>>>>

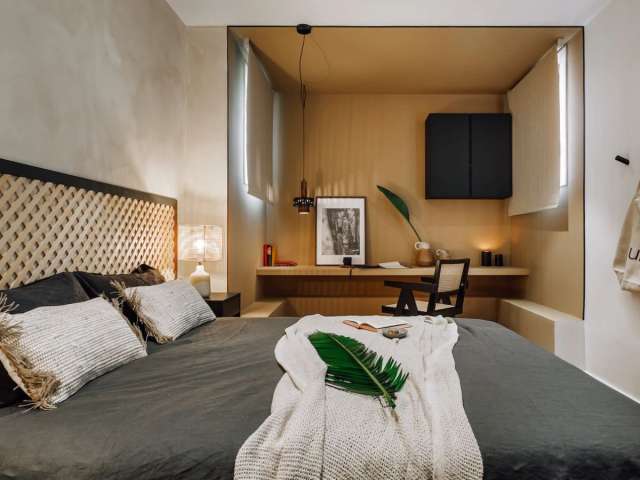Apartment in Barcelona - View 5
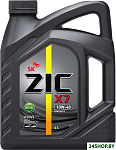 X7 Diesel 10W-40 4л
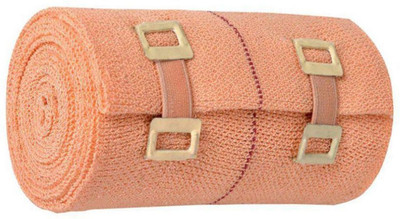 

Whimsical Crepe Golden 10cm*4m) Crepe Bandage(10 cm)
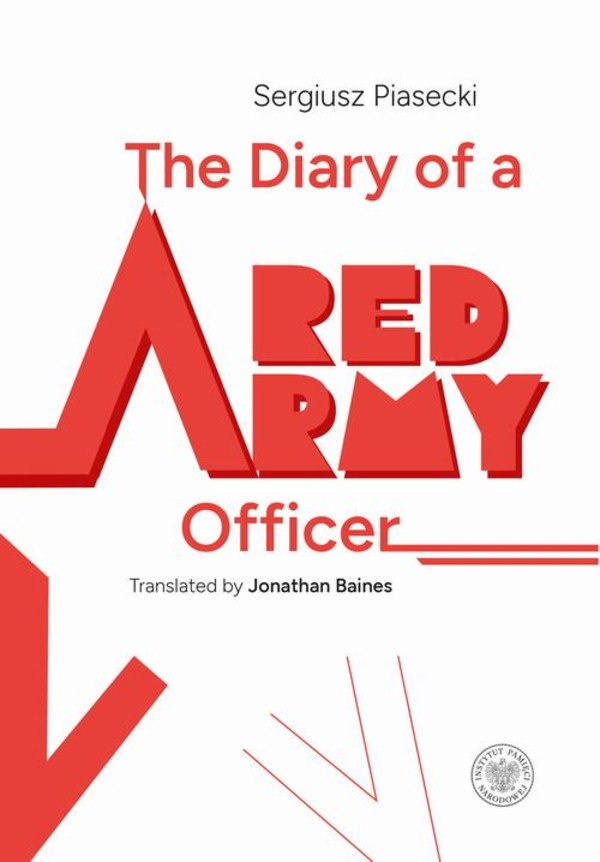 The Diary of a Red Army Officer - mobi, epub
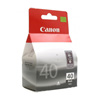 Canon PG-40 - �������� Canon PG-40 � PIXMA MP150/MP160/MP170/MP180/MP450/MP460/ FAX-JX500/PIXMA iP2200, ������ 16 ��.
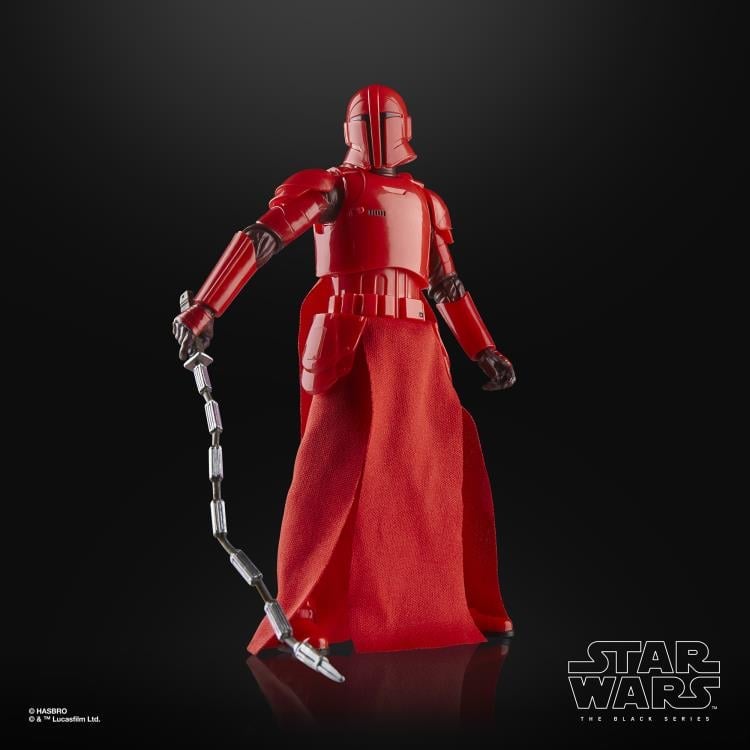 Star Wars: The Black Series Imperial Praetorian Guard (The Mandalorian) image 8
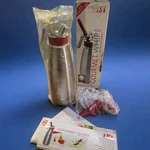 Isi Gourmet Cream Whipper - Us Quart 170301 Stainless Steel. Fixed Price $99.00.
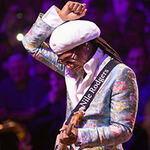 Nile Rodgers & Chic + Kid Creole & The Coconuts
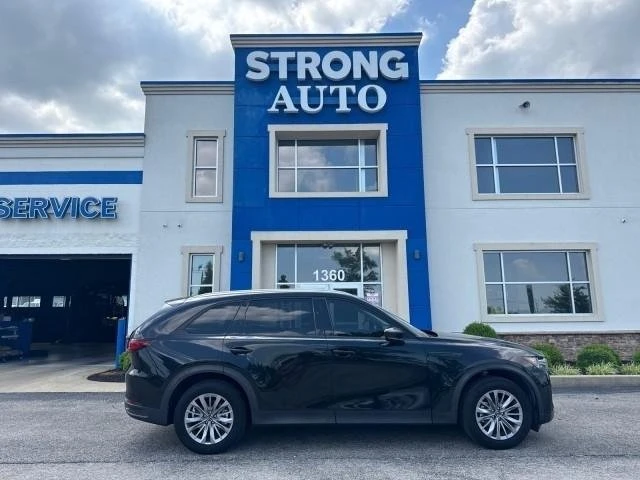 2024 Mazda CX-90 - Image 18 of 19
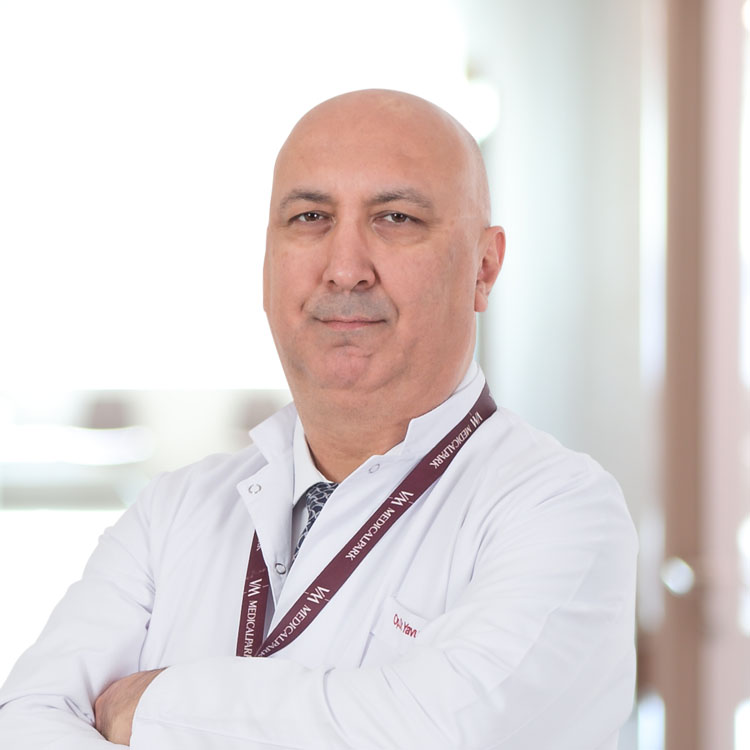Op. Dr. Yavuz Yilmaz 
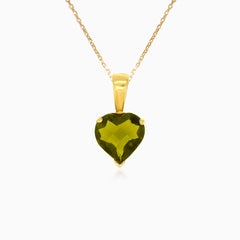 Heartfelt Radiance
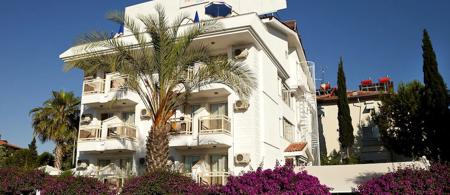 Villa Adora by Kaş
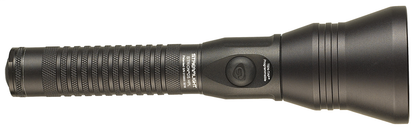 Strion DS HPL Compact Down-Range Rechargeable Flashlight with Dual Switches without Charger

<<<<

Without the pictures, please reproduce each line of the listing above exactly, from the first one through the line bearing "Canon PG-40 - ��������".

Apartment in Barcelona - View 5
 X7 Diesel 10W-40 4л

Whimsical Crepe Golden 10cm*4m) Crepe Bandage(10 cm)
 The Diary of a Red Army Officer - mobi, epub
 Canon PG-40 - �������� Canon PG-40 � PIXMA MP150/MP160/MP170/MP180/MP450/MP460/ FAX-JX500/PIXMA iP2200, ������ 16 ��.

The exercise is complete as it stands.